Une expérimentation permet de faire appel à des entreprises et artisans non RGE (Reconnus garants de l’environnement) pour réaliser des travaux éligibles à l’aide publique MaPrimeRénov’. Décryptage du dispositif.
Problèmes techniques persistants, retards de versement… le dispositif public d’aide à la rénovation des logements MaPrimeRénov’ est, depuis son lancement en janvier 2020, victime de son succès. Ce qui n’a pas empêché l’État de mettre sous pression l’Agence nationale de l’habitat (Anah), l’organisme chargé du traitement des demandes. Il lui a fixé en 2021 des objectifs très ambitieux : l’aide au financement de la rénovation de 400 000 à 500 000 logements avec MaPrimeRénov’ (191 690 demandes déposées en 2020), à l’appui d’un colossal budget de 1,7 milliard d’euros.

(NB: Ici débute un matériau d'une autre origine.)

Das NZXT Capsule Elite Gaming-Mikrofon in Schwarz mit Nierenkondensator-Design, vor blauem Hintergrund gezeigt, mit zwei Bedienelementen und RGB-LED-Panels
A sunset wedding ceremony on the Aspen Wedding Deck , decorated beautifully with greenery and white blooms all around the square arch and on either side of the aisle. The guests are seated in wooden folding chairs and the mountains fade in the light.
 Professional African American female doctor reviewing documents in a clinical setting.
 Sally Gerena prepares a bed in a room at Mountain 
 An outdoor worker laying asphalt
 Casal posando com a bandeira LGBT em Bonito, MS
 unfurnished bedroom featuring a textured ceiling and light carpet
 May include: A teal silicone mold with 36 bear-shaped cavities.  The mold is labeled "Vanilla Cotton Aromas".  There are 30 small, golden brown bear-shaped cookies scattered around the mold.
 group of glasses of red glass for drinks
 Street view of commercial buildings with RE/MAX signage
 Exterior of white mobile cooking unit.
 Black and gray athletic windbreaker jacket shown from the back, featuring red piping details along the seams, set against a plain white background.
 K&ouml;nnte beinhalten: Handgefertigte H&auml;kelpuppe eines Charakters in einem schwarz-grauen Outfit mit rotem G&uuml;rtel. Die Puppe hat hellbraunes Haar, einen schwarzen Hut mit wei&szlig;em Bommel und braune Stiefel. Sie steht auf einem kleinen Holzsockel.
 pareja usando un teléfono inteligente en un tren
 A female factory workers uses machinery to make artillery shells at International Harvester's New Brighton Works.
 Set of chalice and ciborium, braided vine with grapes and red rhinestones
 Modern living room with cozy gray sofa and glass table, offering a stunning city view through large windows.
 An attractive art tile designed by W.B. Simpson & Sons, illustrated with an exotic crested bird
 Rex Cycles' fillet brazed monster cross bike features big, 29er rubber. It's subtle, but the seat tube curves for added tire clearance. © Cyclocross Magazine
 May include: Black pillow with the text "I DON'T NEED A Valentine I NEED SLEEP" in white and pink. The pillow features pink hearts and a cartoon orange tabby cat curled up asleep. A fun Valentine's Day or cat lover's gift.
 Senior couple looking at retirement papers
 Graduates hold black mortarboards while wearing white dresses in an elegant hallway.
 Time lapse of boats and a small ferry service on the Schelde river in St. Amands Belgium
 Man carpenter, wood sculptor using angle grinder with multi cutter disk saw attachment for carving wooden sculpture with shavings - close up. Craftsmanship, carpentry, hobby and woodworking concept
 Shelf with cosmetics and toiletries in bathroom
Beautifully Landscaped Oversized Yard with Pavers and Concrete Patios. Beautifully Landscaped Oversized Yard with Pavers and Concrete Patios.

Si ça bloque dans les tuyaux pour les demandeurs, sur le terrain, ça pourrait aussi coincer. Car pour décrocher MaPrimeRénov’, les particuliers doivent impérativement faire appel à une entreprise labellisée RGE (Reconnu garant de l’environnement), dont la liste est consultable sur le site du service public de la rénovation Faire.gouv.fr. Mais sur les 500 000 entreprises du bâtiment opérant en France, environ 10 % seulement détiennent cette certification. Par ailleurs, « le nombre d’entreprises certifiées a baissé de 10 000 en deux ans », souligne Jean-Christophe Repon, président de la Confédération de l’artisanat et des petites entreprises du bâtiment (Capeb). Autre problème, cette labellisation étant à la fois contraignante et très coûteuse (jusqu’à plusieurs milliers d’euros), elle exclut, de fait, un grand nombre d’artisans et de petites entreprises du bâtiment.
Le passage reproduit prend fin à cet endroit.